By: Jared Westover | Updated: 2024-11-20 | Comments | Related: > Microsoft Fabric
Problem
After a two-year break, I started working with Azure Data Factory again, now part of the Fabric family. I quickly adapted to Data Factory since it closely resembled SQL Server Integration Services (SSIS), a tool with which I had a love-hate relationship. For my new mission, I set out to convert a list of files from Excel to comma-separated values (CSV). We upload the original Excel files to a Data Lake in Fabric. We then need to convert a specific worksheet and move the CSV files to a different folder in Data Lake.
Solution
In this article, I'll explain how to convert a list of Excel files to CSV and move them to a separate folder with a Data Factory pipeline in Fabric's Data Lake. First, I'll explore what Data Factory offers and review a few use cases. Next, I'll explain why I'm converting the files in the first place. I'll also highlight any pitfalls I faced along the way. By the end of this article, you'll be ready to start converting Excel files to CSV today.

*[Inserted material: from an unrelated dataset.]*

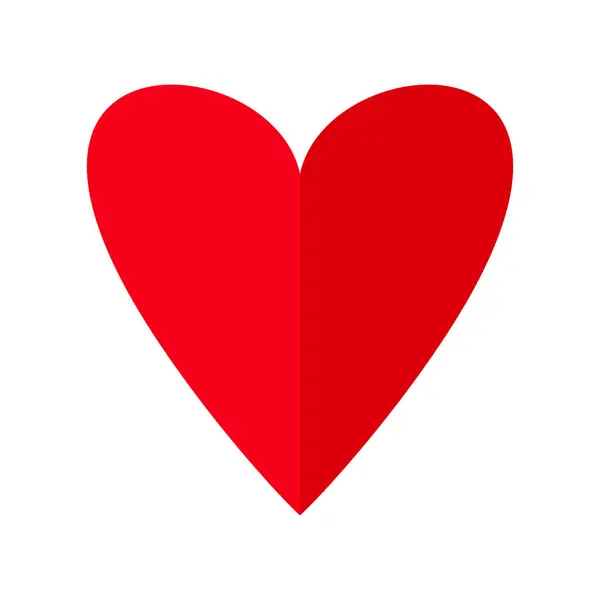 Red Heart Icon Folded Half Valentines Day Symbol Love Decorative — Stock Vector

Exploring Data Factory in Fabric
If you come from a SSIS background, you can think of Data Factory as the Azure version of it. Some may disagree, but I like comparing cloud technologies to on-premises tools I've used for decades. Microsoft officially defines Azure Data Factory (ADF) as a tool that empowers you with a modern data integration experience to ingest, prepare, and transform data from rich data sources. To me, ADF sounds like SSIS.
ADF is useful when you need to pull in data from multiple sources, perform transformations, and work inside a visual interface. You can still execute stored procedures if you prefer using T-SQL for transformation. Three of the most popular activities include:
- Copy Data - Allows you to copy data and files from one location to another.

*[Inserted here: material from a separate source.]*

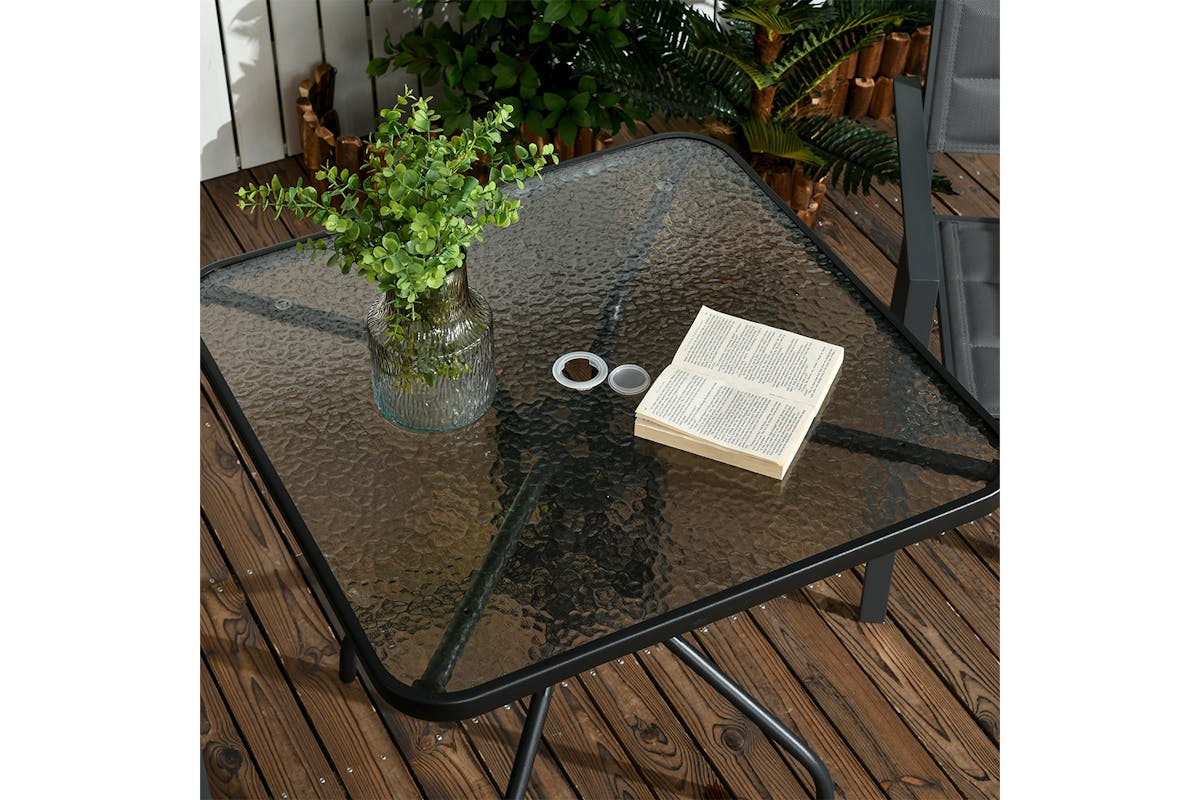 Outsunny Outdoor Square Coffee Table | Black-6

- Get Metadata - Gets information about data stored in folders, files, etc.
- ForEach - Iterates over a collection of items and performs some activity on each.
Why Convert the Files?
For this project, I need to load the files directly into a managed Delta Lake Table. Based on my testing and research, as of this writing, you can only do this directly after converting the file to a format like CSV or Parquet. I don't expect the business team to create and convert these files. Feel free to share if someone knows of a different method in the comments below.
Delta Lake tables are a storage layer in a Fabric Lakehouse that provides some of the functionality of a relational database. I say some of the functionality because I've seen people claim that these tables are just like tables from a relational database like SQL Server; they're not. However, they come with a guarantee of ACID compliance. Since I come from a SQL Server background, I equate them to external PolyBase tables.

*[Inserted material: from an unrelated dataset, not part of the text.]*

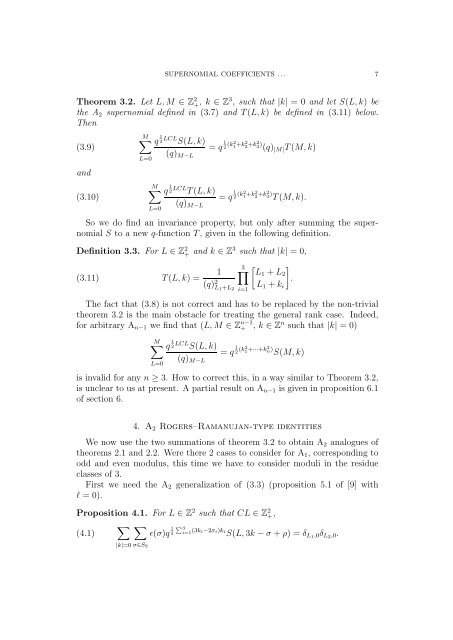 SUPERNOMIAL COEFFICIENTS, BAILEY'S LEMMA AND ROGERS ...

With those details covered, let's look at the steps to convert these files.
Step-by-Step Guide
As we go along, I'll make some assumptions. For example, I assume you have either signed up for a free trial or already have a workspace with Fabric enabled.
I created a Lakehouse named MyLakehouse and added two folders (CSV and Excel) under the Files folder.
Let's upload three Excel workbooks that you can download from here into the Excel folder.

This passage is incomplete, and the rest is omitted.